I think some people have gotten the wrong impression from what I have said in the blog entries. I have been critical of some people who insulted me I have only good feelings towards the Federally enrolled Cherokee people, most of whom have treated me with kindness. I have attended maybe 10 or 12 Stomp Dances in the Cherokee Nation; and was there during Cherokee National Holidays in September. In fact, former Principal Chief Chad Smith walked right in front of me. And no, I didn’t show up wearing Plains tribe regalia – for those familiar with “wannabe” jokes 😊. I was good friends with Michael Johnson, who was written up in the Cherokee Phoenix. I have also been in contact with Doug McClure, author of “Cherokee Proud”. I have not met him, but we have emailed one another. Once Michael Johnson and Doug McClure had a feud online that can be found here –
Many things online eventually disappear, so I will copy some of it here.
I received an email from Michael Johnson, who is mentioned several times in the following article by Mr. McClure. Mr. Johnson has given me permission to post his response to this article. He makes several very good points in his email which really is also an article in itself.
Cherokee Chief Publicly Acknowledges the Existence of Undocumented Cherokees.
Is He Up to the Rest of the Challenge?
by Tony Mack McClure
In what is perhaps a first among recent leadership in the three federally recognized Cherokee tribes, Principal Chief Chad Smith of the Cherokee Nation of Oklahoma, the largest Cherokee tribe, has publicly acknowledged the existence of undocumented Cherokees, but in the same breath, denied their rights to recognition. In an official news release entitled " Undocumented Cherokees Contribute to Cherokee Nation" appearing on the Cherokee Nation's website, September 2000 Page, dated 22 September 2000, Chief Smith states, "There are people like the Johnsons (referring to an undocumented Cherokee family cited in the news release) with undeniable Cherokee heritage who don't meet enrollment requirements. That doesn't mean they can't claim their ancestry."

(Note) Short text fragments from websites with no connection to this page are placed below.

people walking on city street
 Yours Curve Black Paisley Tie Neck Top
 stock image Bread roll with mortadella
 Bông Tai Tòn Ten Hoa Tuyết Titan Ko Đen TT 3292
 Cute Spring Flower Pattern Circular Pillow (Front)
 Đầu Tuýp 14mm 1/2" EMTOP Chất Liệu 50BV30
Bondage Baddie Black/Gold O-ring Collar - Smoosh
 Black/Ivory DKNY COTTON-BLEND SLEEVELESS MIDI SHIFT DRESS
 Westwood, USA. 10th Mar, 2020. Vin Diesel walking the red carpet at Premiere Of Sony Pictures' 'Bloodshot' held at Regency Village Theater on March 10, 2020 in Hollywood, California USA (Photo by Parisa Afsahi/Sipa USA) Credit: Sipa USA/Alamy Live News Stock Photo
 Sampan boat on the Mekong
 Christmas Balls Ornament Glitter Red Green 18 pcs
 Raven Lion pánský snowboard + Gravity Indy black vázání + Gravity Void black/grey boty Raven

[Vance’s note: this was my friend Michael Johnson. It is through Michael that I attended those Stomp Dances.]
Chief Smith further states, " Through anomalies caused by ethnicidal policies of the United States Government, the traditional Cherokee Nation has been fragmented. That's why there is an Eastern Band of Cherokees in North Carolina. We are all one people, separated by geography. The historical Cherokee Nation is currently headquartered in Tahlequah. But just as a person with grandparents who immigrated to the United States from Germany cannot claim German citizenship, people whose Cherokee ancestors emigrated from the Cherokee Nation before the Dawes Rolls were taken cannot claim Cherokee citizenship." Chief Smith thinks the Johnsons praised in the article are "handling their situation well by participating in Cherokee culture without aligning themselves with a group that is seeking recognition."
In reality, un-named sources confirm that Chief Smith may have conveniently "forgotten" to mention that Mr. Johnson has for some time actually been quite "aligned" with just such a group known as the Southern Cherokees. It's an organization that CNO only recently publically accused of being "bogus."
[Vance’s note: People often refer to the Cherokee Nation as “CNO”, meaning the Cherokee Nation of Oklahoma. The “O” in the CNO designation is redundant. There is but one Cherokee Nation with the other two entities being referred to as “Bands” – the Keetoowah Band and the Eastern Band. No others are federally recognized. There are several state recognized groups and several groups recognized by no state or federal government.]
In light of Chief Smith's statements, a number of questions beg for answers. First, if there is no question that a person is of "undeniable Cherokee heritage, " and if there is no question that the fragmentation among Cherokees of today was caused by "ethnicidal policies of the United States Government" what possible logical reason can there be for people who fall among the "undeniable but undocumented Cherokees" NOT to seek recognition as separate groups - either as state recognized tribes or as groups with a common cause who have no official recognition of any kind? Historical federal Cherokee rolls and other documents fully substantiate that the fragmentation extends well beyond the two geographies or federally recognized tribes mentioned by Chief Smith. And that is precisely the reason that the legislative bodies of several states throughout the United States have seen fit to extend official recognition to such groups who have been wrongly disenfranchised either by their own tribes or by the United States Government or both.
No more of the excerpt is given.